3. How does Christianity, the Redemption, and the Beatific Vision fit into all of this? First of all, what the Redemption does is make the following possible: If you choose to subordinate yourself to God and are willing to become a different person (the one without the sin's goal)--if you "deny yourself"--then God will miraculously erase this act as a goal in your eternal life. This is Christian repentance, or "change of attitude"; and it is initiated, really, by God's gift allowing you to believe that it will "work" and giving you the strength to repudiate your very being. As St. Paul points out in Galatians, First Corinthians, and Romans, obeying the Law is fine if you have never sinned; but once you have sinned, nothing you can do can undo your choice or make you virtuous again; it has to be done for you (this is what is behind the "faith not works" controversy).

So it is possible for the goal to be erased as a goal in your eternal life, even though the effects it has had on you here (and in your eternal reality as modified by what you did to yourself through it) will be with you forever. For instance, if you choose to cut your arm off, you will presumably be one-armed; but you will not forever be trying to be a person who can pick things up who can't pick things up. Maybe some of the consequences of the choice will be erased; I don't know; but at least, the Redemption erases the eternal frustration in the choice.

What the Beatific Vision does is add to our finite consciousness an expansion of our consciousness beyond itself to infinite consciousness. Any act of finite consciousness "finitizes itself" to this individual act, implying that in itself it is beyond this act, and could be greater. God lifts this abstraction into actuality, and you actually become God, knowing Being in all of its fullness, and becoming identical with the Infinite Being.

But of course, this act of infinite consciousness is only one "dimension" of your eternal consciousness, the rest of which is the set of finite acts of consciousness which constitutes your conscious life, and which I have been discussing. Hence, you are not absorbed into God in such a way that you lose your individuality; God becomes a "dimension" of your individual consciousness (the Infinite is "part" of your finite consciousness), and you become a "dimension" in a special way of God's consciousness. This is, of course, totally beyond our power as finite; it is just that the spirituality of our finiteness is such that to be given this as a gift is not a contradiction.

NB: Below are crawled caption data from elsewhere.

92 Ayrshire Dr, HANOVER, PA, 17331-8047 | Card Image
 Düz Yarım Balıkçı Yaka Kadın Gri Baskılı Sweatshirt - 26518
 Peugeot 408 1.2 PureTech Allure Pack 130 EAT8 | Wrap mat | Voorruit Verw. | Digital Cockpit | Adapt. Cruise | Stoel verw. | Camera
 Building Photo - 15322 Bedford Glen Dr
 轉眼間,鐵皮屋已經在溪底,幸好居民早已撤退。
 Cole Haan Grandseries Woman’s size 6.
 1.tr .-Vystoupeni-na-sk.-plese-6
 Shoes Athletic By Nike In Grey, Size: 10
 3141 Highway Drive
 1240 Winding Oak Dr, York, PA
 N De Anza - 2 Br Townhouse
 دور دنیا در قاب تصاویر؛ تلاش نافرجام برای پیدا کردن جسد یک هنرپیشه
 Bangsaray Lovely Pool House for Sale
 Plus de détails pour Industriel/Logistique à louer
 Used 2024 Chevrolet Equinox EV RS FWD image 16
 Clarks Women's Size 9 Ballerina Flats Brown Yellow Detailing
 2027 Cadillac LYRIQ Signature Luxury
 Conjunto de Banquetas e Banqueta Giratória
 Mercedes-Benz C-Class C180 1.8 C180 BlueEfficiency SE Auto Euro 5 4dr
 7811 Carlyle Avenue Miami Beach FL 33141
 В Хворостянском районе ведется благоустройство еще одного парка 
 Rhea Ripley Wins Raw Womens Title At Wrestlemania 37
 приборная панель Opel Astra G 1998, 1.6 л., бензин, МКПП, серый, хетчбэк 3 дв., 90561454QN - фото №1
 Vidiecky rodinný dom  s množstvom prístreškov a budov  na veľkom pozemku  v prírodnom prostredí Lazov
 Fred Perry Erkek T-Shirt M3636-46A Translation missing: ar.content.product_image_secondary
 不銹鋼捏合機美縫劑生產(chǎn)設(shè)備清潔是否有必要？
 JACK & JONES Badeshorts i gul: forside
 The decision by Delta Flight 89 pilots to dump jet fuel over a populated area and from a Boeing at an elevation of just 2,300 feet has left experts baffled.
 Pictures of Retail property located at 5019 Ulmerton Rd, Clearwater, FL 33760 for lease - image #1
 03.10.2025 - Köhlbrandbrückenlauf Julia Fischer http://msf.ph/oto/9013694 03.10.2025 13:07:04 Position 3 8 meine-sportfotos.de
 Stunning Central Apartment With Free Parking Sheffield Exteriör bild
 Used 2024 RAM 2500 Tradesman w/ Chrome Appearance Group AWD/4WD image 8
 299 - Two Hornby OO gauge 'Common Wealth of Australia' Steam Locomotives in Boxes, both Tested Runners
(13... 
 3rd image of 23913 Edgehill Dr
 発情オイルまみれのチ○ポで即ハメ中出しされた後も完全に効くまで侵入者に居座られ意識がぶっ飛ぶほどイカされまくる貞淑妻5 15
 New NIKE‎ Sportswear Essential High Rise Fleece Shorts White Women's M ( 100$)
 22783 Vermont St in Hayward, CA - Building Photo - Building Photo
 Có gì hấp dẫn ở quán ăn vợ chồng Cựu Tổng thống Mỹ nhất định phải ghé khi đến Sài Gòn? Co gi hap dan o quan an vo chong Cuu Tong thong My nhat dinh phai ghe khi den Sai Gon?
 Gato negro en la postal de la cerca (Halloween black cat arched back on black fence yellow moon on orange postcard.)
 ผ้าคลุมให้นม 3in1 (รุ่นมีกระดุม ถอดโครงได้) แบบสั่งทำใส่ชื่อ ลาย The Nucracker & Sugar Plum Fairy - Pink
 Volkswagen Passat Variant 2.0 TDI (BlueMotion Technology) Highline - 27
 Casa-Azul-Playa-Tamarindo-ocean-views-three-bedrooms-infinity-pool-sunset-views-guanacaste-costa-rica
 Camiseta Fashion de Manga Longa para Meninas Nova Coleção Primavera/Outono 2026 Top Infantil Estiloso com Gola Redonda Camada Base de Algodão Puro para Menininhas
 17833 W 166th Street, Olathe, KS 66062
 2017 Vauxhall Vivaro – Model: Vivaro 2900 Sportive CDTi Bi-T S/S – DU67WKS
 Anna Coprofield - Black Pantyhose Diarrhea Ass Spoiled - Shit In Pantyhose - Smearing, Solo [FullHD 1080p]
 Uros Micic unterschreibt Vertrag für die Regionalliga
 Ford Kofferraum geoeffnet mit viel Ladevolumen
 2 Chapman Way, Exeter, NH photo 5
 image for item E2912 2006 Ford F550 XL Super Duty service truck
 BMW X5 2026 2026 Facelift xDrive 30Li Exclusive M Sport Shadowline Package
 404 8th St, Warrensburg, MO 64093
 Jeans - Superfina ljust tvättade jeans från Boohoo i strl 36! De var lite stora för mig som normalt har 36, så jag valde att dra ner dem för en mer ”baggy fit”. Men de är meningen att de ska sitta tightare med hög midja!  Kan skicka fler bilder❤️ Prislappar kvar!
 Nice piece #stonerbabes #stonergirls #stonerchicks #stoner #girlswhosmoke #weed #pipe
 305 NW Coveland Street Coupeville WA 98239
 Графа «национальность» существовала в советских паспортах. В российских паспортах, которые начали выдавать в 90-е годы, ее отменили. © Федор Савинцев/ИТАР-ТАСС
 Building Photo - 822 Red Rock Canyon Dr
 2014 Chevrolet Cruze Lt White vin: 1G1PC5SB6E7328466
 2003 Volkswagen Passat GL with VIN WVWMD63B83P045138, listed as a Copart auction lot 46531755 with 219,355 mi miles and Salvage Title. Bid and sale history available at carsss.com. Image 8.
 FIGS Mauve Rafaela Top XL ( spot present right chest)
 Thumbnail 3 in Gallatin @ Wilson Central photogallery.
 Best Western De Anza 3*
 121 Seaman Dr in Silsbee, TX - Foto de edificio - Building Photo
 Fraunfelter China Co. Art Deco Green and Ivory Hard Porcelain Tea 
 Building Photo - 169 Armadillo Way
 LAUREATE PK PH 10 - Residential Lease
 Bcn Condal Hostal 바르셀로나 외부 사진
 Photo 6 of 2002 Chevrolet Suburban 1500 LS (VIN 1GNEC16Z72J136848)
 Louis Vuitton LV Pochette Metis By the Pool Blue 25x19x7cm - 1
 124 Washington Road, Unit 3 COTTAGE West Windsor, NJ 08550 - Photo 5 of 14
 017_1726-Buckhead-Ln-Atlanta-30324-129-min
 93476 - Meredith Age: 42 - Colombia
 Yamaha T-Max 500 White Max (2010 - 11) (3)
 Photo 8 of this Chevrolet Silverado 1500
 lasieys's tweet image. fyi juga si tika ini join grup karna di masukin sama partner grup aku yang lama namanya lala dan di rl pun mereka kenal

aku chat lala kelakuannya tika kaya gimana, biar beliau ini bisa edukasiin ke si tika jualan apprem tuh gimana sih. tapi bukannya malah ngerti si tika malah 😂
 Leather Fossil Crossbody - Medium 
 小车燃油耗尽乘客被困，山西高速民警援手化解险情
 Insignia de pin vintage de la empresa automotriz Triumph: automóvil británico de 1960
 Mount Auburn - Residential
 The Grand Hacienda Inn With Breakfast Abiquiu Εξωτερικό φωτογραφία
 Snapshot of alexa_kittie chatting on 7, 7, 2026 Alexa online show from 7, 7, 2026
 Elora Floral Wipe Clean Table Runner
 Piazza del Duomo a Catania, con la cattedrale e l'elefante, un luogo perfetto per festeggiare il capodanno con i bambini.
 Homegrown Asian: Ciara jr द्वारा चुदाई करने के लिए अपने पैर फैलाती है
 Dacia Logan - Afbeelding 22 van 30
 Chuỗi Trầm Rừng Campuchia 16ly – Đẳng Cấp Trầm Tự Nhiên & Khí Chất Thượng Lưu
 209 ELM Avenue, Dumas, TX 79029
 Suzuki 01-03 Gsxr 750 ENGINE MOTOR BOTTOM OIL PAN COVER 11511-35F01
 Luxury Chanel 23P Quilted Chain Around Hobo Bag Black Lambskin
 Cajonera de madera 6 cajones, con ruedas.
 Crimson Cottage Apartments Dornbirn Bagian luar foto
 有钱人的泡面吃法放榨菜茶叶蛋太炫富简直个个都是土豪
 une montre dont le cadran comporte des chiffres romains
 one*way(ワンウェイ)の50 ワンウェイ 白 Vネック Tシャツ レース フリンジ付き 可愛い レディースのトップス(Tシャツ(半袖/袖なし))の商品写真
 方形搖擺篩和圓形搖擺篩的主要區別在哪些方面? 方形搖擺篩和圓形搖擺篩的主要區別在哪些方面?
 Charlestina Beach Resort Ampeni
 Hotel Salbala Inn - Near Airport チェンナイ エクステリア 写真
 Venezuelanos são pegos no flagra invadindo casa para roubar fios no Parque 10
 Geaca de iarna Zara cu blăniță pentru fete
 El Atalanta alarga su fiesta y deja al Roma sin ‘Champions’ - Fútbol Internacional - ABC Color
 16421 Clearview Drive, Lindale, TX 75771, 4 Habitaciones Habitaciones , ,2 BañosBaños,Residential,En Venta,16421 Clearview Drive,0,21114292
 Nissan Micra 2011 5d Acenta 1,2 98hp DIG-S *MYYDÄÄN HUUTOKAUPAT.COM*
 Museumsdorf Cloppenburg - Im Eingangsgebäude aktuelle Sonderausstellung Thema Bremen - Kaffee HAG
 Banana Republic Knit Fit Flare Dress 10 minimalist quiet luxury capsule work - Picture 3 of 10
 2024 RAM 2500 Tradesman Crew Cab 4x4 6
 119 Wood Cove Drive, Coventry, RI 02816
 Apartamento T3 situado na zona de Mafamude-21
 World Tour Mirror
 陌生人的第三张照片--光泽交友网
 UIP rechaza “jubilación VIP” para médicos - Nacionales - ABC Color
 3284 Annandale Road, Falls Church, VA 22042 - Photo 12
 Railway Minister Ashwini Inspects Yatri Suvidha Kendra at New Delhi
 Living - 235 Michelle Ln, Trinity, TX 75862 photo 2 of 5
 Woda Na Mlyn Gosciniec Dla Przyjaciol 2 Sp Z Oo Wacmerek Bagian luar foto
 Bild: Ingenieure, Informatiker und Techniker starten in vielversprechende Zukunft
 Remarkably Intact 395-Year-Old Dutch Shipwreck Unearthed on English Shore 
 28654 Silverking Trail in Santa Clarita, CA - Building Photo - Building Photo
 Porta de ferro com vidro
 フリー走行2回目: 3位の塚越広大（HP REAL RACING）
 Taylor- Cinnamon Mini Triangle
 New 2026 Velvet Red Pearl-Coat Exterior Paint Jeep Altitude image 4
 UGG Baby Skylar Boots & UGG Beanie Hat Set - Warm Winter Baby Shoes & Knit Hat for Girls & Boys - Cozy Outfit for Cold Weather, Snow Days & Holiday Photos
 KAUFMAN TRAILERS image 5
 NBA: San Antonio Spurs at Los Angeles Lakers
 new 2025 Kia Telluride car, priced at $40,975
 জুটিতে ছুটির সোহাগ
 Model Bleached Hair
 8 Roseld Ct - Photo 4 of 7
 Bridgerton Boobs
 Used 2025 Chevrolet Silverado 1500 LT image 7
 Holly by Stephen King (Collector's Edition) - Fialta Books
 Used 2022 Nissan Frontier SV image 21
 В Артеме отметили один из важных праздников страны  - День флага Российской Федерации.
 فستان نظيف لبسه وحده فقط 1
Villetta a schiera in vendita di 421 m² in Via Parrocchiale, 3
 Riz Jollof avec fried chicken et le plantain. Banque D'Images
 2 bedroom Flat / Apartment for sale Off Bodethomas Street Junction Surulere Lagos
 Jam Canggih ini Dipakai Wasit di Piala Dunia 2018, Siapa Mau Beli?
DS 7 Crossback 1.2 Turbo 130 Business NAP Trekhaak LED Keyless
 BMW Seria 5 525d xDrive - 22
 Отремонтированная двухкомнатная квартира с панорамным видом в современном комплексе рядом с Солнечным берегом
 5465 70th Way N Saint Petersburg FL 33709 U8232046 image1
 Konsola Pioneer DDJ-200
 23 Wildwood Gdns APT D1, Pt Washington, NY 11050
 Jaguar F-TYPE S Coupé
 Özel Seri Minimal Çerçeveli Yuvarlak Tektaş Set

So the Beatific Vision takes nothing away from what I have been saying above; as far as the finite "dimensions" of your consciousness are concerned, you will be just what you have chosen to be, no more and no less.

Of course, if a person chooses not to take advantage of these gifts, this does not disappoint God, any more than he is disappointed by the person's preferring eternal frustration to accepting his limits and being happy (because that is really what the alternatives are).

4. Plato's philosophy would not demand this, since Plato held that Aspects can "share" in other Aspects, and so the one that shares the other has "less" of it than the other in its "pure" state. For instance, "humanity-itself" is "good," but it is not identical with "goodness-itself," and so has "less" of it in some sense (but not really a quantitative one).

5. Plato clearly thinks that men are "greater than" women, by the way, in spite of the fact that his philosophy wouldn't logically demand this. In his reincarnationist view, morally inferior souls get reembodied into physically inferior bodies, and the first reincarnation of a bad man's soul is into a woman's body.